The Super Rugby logs make for interesting reading. Four New Zealand sides are among the top five in the Australasian rankings. All four of those teams have accumulated more log points than the leader of the South African group, the Lions.
With regard to the South Africa-New Zealand rivalry, more can be read into the matches between the relevant teams.The Lions and the Sharks have already completed their conference fixtures against Kiwi opponents. The Kings have played four games and are set to play their fifth and final fixture against the Highlanders on 2 July. Collectively, these South African sides have won four out of 14 matches with a success rate of 29%.
Traditionally, South African sides have struggled to win consistently in New Zealand, and so the return of two wins in seven matches this season will not come as a surprise. However, what's been concerning to see in recent times is how often local sides have lost in South Africa.
Already, five out of seven home games have been lost to New Zealand sides in 2016. There's a good chance that the Kings will lose the eighth and final home clash to the Highlanders, a result that will bring the 2016 success rate against New Zealand sides in South Africa down to 27%.
The Lions and Sharks have disappointed in terms of their overall results and performances against Kiwi teams. Most South African fans will remember the Lions' historic win against the Chiefs in Hamilton earlier in the season, as well as the Sharks' victory against the Highlanders in Dunedin.
But both teams have lost three of their five matches against New Zealand sides. The Lions have lost two out of three of these clashes at home.
A study of the stats that matter serves to highlight New Zealand's dominance, not just over South African sides but over all other Super Rugby teams. After 12 rounds, a Kiwi side sits at the top of most categories. In many instances, three or four Kiwi franchises are among the top five.
The New Zealanders are adored by fans around the world because of their try-scoring ability. According to SARugbymag.co.za's Opta-powered stats, the Chiefs, Crusaders and Hurricanes are all in the top three across attacking categories such as tries scored, try-scoring bonus points, points scored and metres made. All three teams as well as the Highlanders are in the top four for clean breaks, while the Crusaders, Highlanders and Chiefs lead the offload stats.
That said, the Kiwis have also developed a reputation for their kicking and defence over the past five years. It shouldn't surprise to see the Highlanders leading the kicks-from-hand stats after 12 rounds of Super Rugby, or the Crusaders and Highlanders among the top five teams in the tournament for fewest points conceded and best tackle-success rate.
The strength in South African rugby still lies in its defence. The Stormers have conceded the fewest points in 2016 (although they are yet to play a Kiwi team), while the Sharks have conceded the third-fewest points and have forced the most turnovers. The Lions are ranked eighth and third respectively in these departments.
The Lions have on occasion struck the right balance and drawn worthy comparisons to a Kiwi side. Indeed, they are South Africa's top-ranked team in the categories of tries scored (fourth overall), points scored (fourth) and try-scoring bonus points (fourth).

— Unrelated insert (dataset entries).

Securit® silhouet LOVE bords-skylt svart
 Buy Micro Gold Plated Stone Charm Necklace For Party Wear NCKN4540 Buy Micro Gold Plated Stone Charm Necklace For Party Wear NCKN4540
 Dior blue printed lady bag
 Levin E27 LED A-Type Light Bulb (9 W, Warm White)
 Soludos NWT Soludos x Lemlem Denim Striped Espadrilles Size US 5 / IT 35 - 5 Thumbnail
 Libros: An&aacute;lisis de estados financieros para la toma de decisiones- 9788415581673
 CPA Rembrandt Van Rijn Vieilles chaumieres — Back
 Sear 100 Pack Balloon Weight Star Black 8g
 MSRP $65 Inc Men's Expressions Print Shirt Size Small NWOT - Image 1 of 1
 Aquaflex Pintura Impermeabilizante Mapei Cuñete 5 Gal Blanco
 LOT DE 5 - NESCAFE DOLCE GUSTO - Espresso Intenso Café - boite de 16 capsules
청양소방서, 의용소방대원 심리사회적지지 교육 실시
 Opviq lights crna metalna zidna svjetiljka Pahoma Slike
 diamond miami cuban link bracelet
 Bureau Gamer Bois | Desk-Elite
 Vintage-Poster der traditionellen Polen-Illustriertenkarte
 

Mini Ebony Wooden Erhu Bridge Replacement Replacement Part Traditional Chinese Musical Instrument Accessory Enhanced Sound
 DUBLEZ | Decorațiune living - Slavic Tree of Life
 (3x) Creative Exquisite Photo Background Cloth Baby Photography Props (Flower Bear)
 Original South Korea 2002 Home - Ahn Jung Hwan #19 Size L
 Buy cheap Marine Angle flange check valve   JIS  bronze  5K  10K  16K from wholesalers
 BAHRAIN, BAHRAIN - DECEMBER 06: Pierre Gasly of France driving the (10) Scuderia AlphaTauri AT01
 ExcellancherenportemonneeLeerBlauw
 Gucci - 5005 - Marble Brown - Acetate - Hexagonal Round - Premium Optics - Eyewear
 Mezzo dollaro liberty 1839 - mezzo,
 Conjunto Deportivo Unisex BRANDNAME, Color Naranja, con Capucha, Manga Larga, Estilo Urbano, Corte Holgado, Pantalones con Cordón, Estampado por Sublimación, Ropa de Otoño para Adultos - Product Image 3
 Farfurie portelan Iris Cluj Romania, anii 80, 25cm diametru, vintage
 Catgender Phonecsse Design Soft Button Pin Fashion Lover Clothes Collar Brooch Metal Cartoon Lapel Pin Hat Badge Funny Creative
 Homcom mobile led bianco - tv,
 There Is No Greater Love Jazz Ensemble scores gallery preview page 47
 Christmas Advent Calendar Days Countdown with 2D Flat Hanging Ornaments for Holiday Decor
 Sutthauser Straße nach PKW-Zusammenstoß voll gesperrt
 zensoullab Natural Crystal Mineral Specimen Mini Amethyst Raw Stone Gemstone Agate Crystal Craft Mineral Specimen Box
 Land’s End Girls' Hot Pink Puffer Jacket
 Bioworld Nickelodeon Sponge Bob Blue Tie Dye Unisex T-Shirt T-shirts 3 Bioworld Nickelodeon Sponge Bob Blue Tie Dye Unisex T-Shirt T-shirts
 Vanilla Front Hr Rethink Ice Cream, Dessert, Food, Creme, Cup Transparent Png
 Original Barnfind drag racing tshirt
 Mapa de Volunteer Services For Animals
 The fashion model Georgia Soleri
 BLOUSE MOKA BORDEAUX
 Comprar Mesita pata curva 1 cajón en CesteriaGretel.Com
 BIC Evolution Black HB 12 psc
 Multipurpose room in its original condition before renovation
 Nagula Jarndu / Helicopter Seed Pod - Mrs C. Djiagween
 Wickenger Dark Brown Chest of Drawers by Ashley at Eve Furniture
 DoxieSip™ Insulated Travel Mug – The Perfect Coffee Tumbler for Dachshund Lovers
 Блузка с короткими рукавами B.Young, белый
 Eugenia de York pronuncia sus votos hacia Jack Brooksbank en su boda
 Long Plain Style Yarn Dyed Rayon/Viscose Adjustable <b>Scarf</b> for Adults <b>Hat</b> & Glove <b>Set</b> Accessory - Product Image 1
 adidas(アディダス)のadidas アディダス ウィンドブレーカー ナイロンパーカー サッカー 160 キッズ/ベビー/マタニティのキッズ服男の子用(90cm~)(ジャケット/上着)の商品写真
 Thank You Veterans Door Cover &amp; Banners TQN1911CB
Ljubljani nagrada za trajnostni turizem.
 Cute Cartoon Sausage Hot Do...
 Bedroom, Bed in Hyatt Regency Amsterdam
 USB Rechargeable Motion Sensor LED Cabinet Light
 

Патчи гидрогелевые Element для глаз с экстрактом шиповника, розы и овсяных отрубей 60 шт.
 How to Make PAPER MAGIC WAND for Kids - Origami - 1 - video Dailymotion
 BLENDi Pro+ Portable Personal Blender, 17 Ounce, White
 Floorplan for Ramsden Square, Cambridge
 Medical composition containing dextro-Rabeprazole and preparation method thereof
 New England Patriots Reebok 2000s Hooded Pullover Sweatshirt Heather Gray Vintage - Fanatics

This may give South African rugby fans reason to believe that the Springboks can evolve to play a more complete brand of rugby in 2016. The Boks should be too strong for Ireland this June.
And yet, on the evidence of the 2016 Super Rugby conference results, there is less reason to believe that a South African side will beat a Kiwi opponent in the playoffs or that the Boks will slay the All Blacks in the Rugby Championship.